Task description:
Lines in the data below that contain the word "Hotel" are to be copied.

[Data — start]

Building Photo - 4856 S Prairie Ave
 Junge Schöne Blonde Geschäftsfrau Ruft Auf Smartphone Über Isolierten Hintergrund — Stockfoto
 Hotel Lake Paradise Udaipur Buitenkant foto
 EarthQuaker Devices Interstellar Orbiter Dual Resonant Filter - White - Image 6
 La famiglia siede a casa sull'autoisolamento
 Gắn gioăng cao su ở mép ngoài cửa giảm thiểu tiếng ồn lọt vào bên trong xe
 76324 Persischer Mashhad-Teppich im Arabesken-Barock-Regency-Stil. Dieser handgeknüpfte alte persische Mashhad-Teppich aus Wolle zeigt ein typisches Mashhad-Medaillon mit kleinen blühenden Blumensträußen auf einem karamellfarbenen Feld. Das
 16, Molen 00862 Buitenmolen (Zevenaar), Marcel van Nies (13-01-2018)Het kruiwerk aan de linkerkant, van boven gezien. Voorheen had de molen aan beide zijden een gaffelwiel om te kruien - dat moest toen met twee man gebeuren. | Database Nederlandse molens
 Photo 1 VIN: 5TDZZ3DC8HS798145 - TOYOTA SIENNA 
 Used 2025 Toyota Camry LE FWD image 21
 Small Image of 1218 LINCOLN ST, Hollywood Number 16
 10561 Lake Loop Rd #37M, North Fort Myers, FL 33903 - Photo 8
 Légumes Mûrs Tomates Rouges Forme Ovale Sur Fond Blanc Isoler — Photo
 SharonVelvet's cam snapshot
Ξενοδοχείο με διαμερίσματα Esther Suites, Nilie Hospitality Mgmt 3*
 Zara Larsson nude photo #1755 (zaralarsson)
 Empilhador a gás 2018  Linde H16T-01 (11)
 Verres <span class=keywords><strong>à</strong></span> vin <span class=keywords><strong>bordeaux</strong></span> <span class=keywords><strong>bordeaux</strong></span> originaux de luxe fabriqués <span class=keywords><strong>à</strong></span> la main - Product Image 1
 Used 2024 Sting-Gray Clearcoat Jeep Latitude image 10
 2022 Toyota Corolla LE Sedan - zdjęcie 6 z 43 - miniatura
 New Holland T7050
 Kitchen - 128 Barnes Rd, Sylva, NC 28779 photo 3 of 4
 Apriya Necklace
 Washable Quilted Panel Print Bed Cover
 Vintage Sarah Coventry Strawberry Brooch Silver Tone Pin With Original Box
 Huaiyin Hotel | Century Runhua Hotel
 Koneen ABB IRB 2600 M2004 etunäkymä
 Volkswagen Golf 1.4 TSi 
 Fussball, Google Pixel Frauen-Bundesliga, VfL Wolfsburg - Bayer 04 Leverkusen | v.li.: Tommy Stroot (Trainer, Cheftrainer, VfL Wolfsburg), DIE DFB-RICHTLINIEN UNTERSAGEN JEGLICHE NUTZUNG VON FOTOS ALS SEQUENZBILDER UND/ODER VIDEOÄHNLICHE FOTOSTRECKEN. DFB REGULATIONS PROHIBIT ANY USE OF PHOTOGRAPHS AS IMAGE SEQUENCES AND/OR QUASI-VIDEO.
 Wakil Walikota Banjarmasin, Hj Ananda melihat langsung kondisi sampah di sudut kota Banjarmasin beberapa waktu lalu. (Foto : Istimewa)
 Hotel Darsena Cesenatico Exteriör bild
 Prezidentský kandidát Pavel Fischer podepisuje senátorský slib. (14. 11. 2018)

[Data — finish]

Answer to the problem:
 Hotel Lake Paradise Udaipur Buitenkant foto
 Huaiyin Hotel | Century Runhua Hotel
 Hotel Darsena Cesenatico Exteriör bild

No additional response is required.